Caption-style text data

§ §

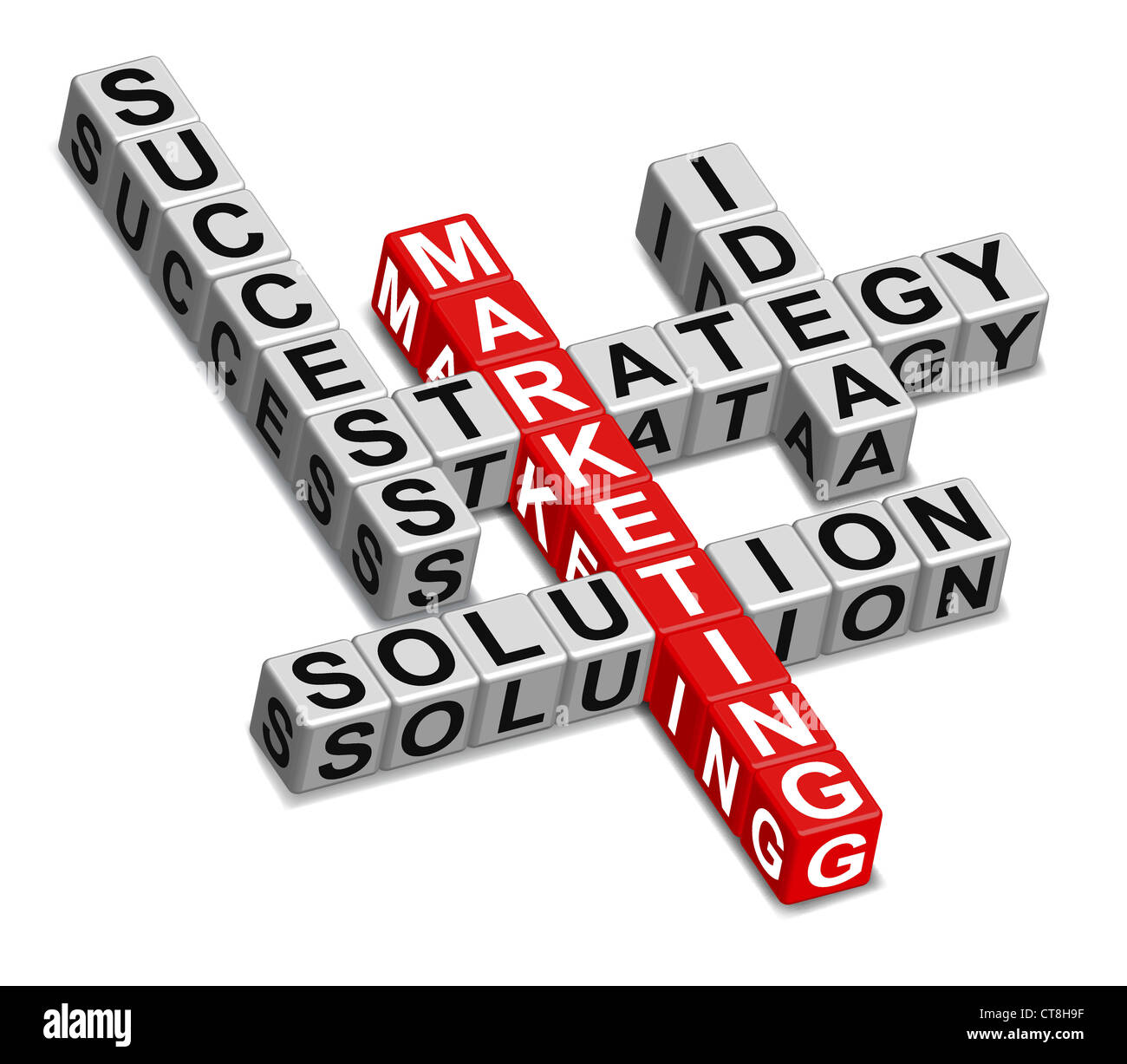 vector strategy crosswords on dices Stock Photo Alamy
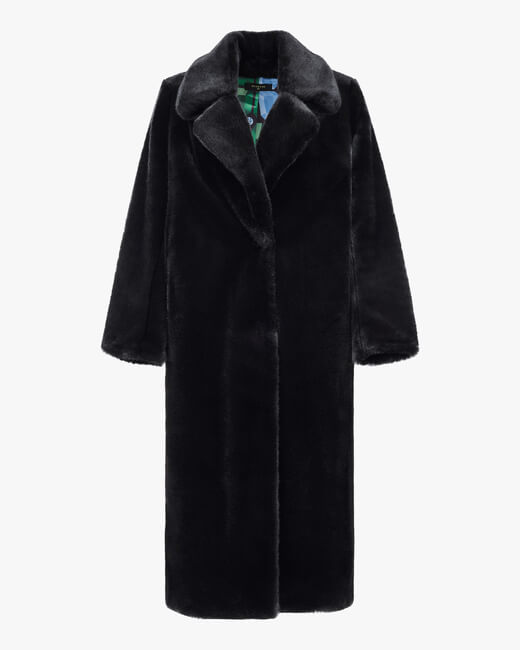 Faux Fur Top Coat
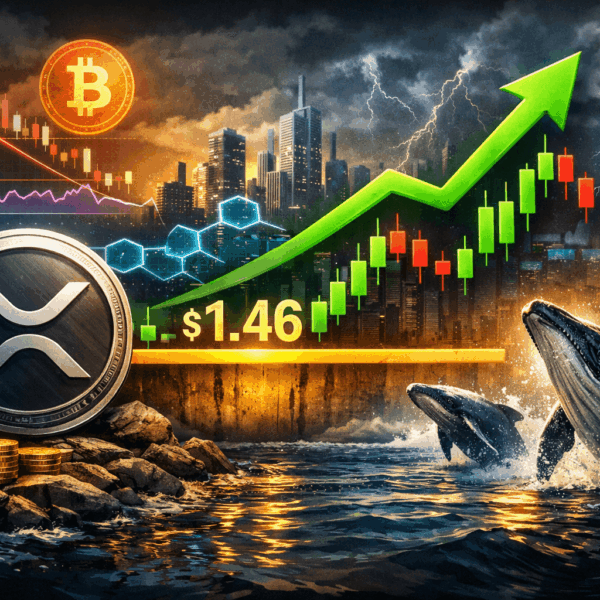 XRP, 1.46달러 핵심 지지선 시험대… 고래 매집 확대 속 기술적 반등 가능성 주목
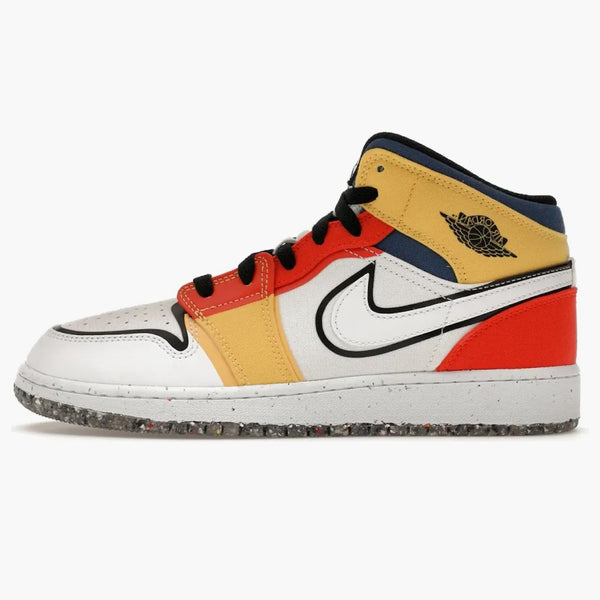 Jordan 1 Mid Multi-color Canvas (gs)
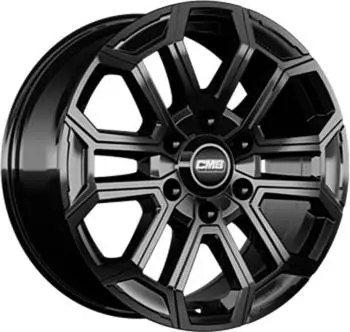 CMS CMS CMS C35 diamond black gloss 8x18 ET30 LK6/139.7 ML100.1 schwarz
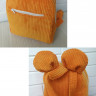 Детский рюкзак с ушками Микки Rizo оранжевый, текстиль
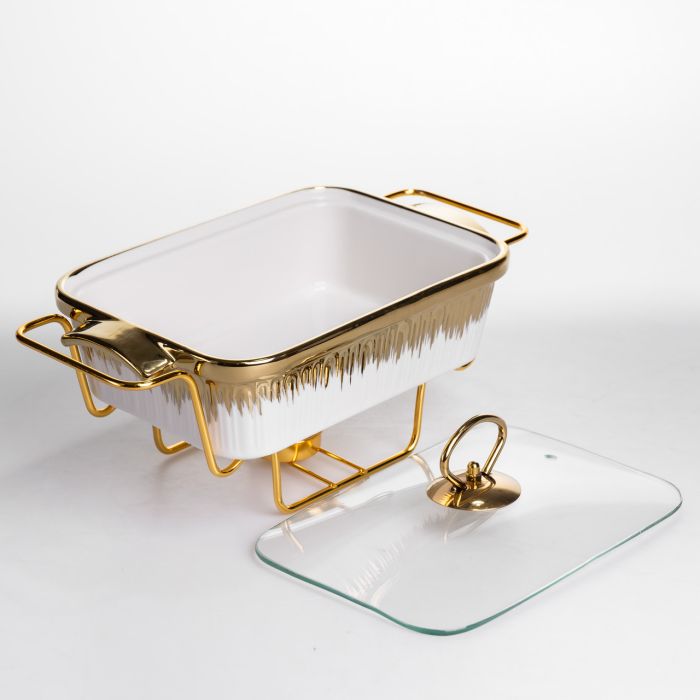 Мармітниця прямокутна на підставці з підігрівом 31х16х11 см ML-860-11 (ML-860-11) - изображение 4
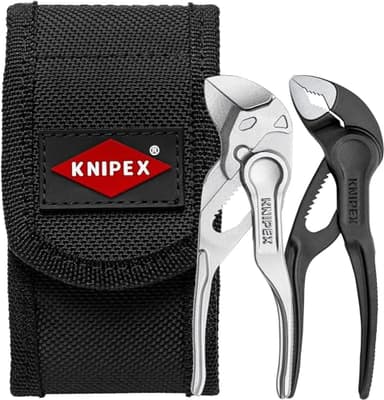 Knipex Jeu de mini-pinces XS dans une pochette ceinture 1 x 87 00 100, 1 x 86 04 100 150 mm, 00 20 72 V04 XS
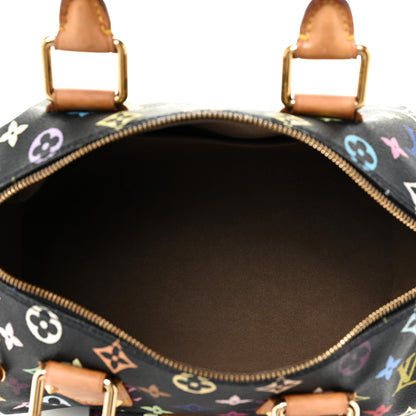 Louis Vuitton Monogram Multicolor Speedy 30 Black 8 of 65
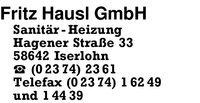 Hausl GmbH, Fritz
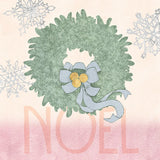 Pastel Christmas IV by Beth Grove. SKU 31049a. Archival Giclee Fine art print for wall decor.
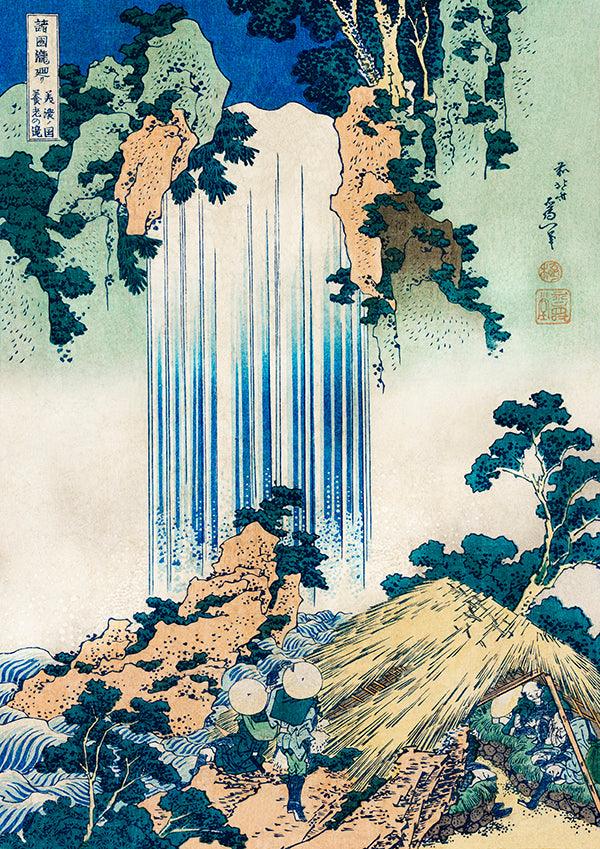 Yoro Waterfall in Mino - 1832 - Katsushika Hokusai - Fine Art Print - Classic Posters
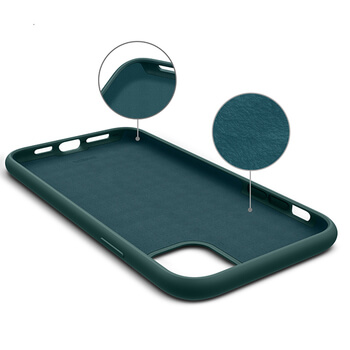 Extrapevný silikonový ochranný kryt pro Apple iPhone 12 - černý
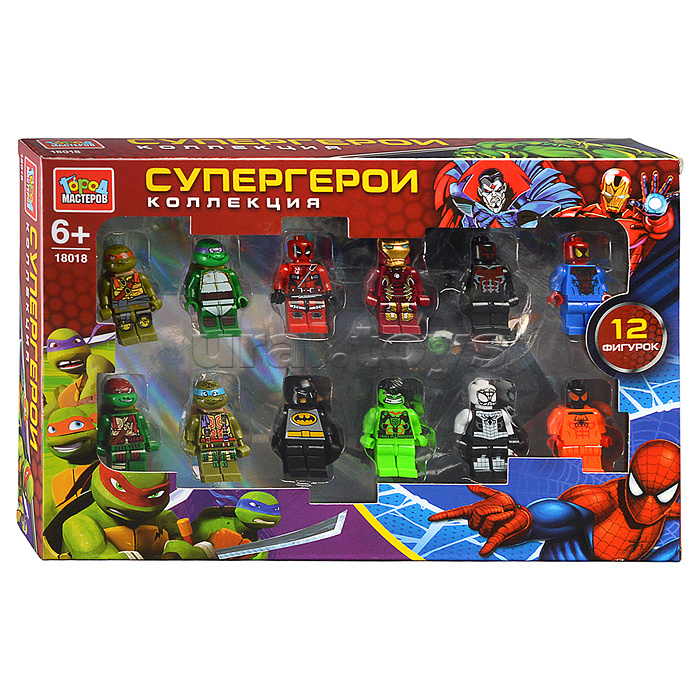 Конструктор фигурки "Супер герои" 12шт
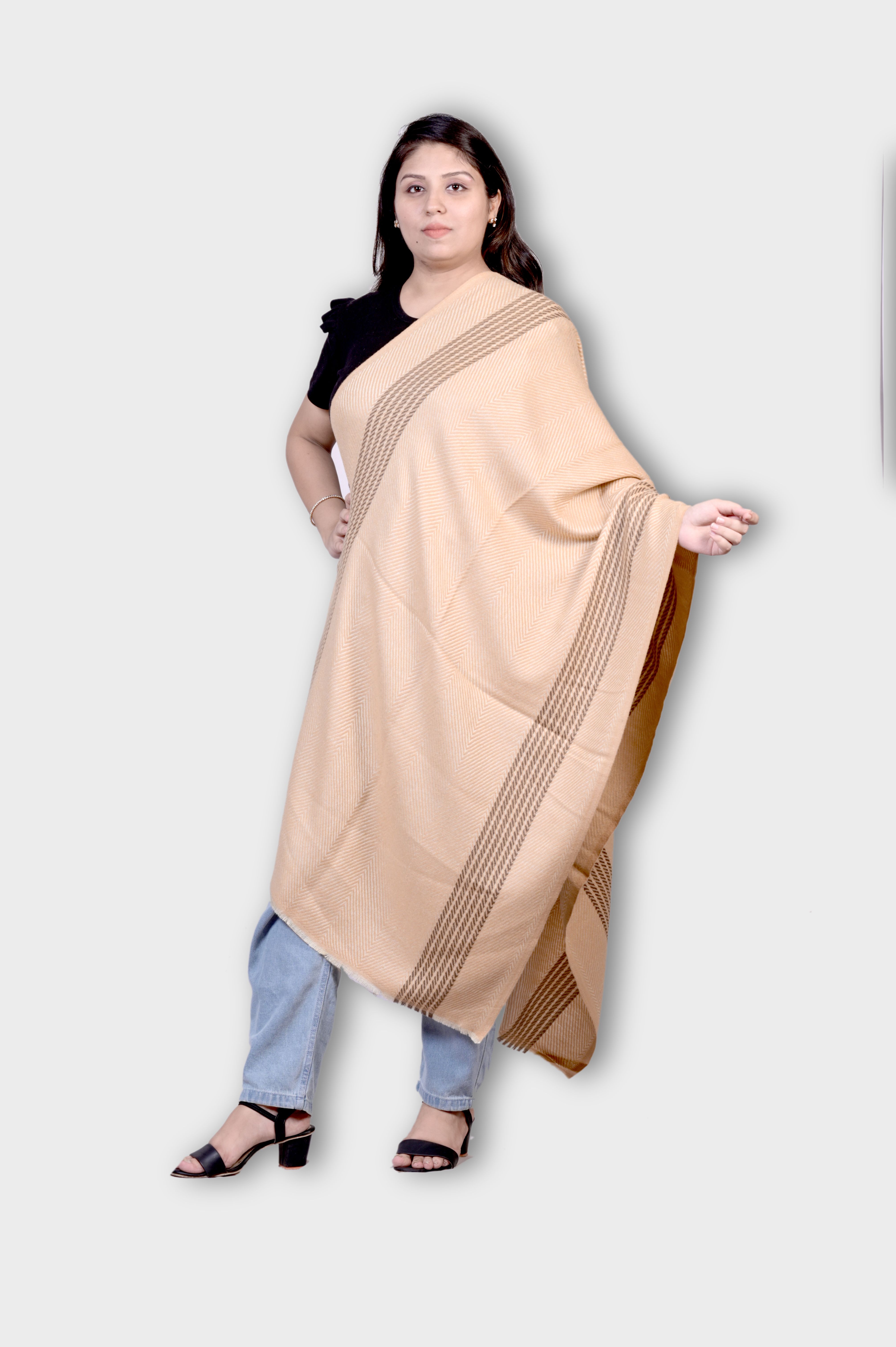 Allure Motifs Wool Self Design Men, Women Shawl-picture-27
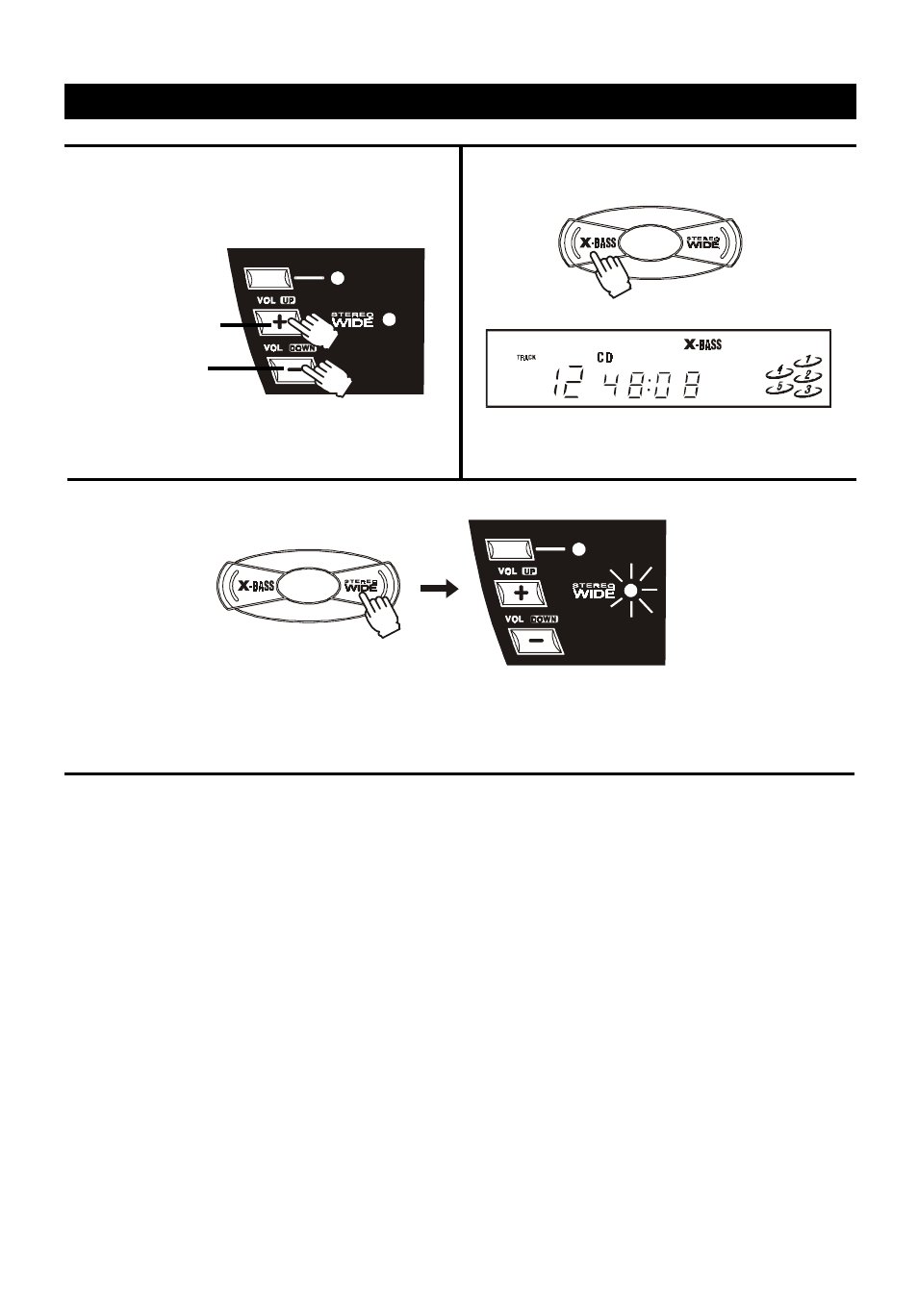 Ajuste del sonido | Audiovox 5 CD MINI HI-FI SYSTEM User Manual | Page 47 / 62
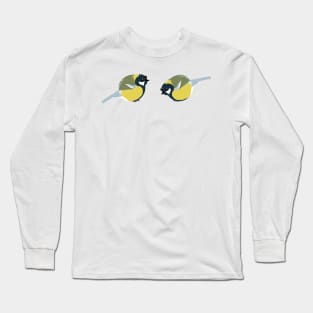 A pair of great tits Long Sleeve T-Shirt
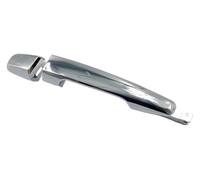 LSDSAAZA Sliding Exterior Handle for Mitsubisih L200 for Triton 2005-2014 Car Sliding Exterior Handle Side Loading Door Repair Outer Chrome(Rear Left)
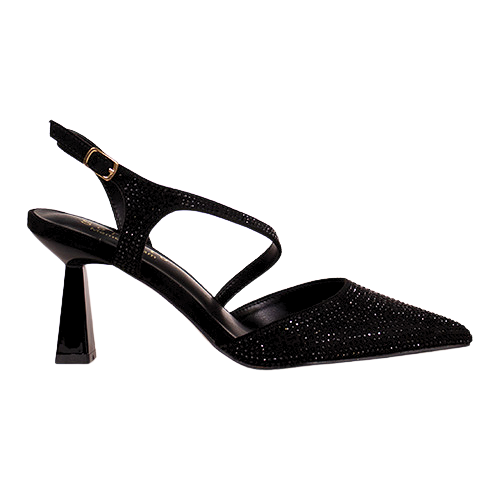 Sorento Ladies Slingback Heels - Darver - Black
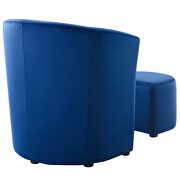 Performance velvet arm chair and ottoman set in navy by Modway additional picture 5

§ §

## Task prompt
Please transcribe each entry exactly and exclude any image it contains.

## Finished exercise
 vector strategy crosswords on dices Stock Photo Alamy
 Faux Fur Top Coat
 XRP, 1.46달러 핵심 지지선 시험대… 고래 매집 확대 속 기술적 반등 가능성 주목
 Jordan 1 Mid Multi-color Canvas (gs)
 CMS CMS CMS C35 diamond black gloss 8x18 ET30 LK6/139.7 ML100.1 schwarz
 Детский рюкзак с ушками Микки Rizo оранжевый, текстиль
 Мармітниця прямокутна на підставці з підігрівом 31х16х11 см ML-860-11 (ML-860-11) - изображение 4
 Knipex Jeu de mini-pinces XS dans une pochette ceinture 1 x 87 00 100, 1 x 86 04 100 150 mm, 00 20 72 V04 XS
 Louis Vuitton Monogram Multicolor Speedy 30 Black 8 of 65
 Hausl GmbH, Fritz
 Pastel Christmas IV by Beth Grove. SKU 31049a. Archival Giclee Fine art print for wall decor.
 Yoro Waterfall in Mino - 1832 - Katsushika Hokusai - Fine Art Print - Classic Posters
 Extrapevný silikonový ochranný kryt pro Apple iPhone 12 - černý
 Конструктор фигурки "Супер герои" 12шт
 Allure Motifs Wool Self Design Men, Women Shawl-picture-27
 Ajuste del sonido | Audiovox 5 CD MINI HI-FI SYSTEM User Manual | Page 47 / 62
 A pair of great tits Long Sleeve T-Shirt
 LSDSAAZA Sliding Exterior Handle for Mitsubisih L200 for Triton 2005-2014 Car Sliding Exterior Handle Side Loading Door Repair Outer Chrome(Rear Left)
 Sorento Ladies Slingback Heels - Darver - Black
 Performance velvet arm chair and ottoman set in navy by Modway additional picture 5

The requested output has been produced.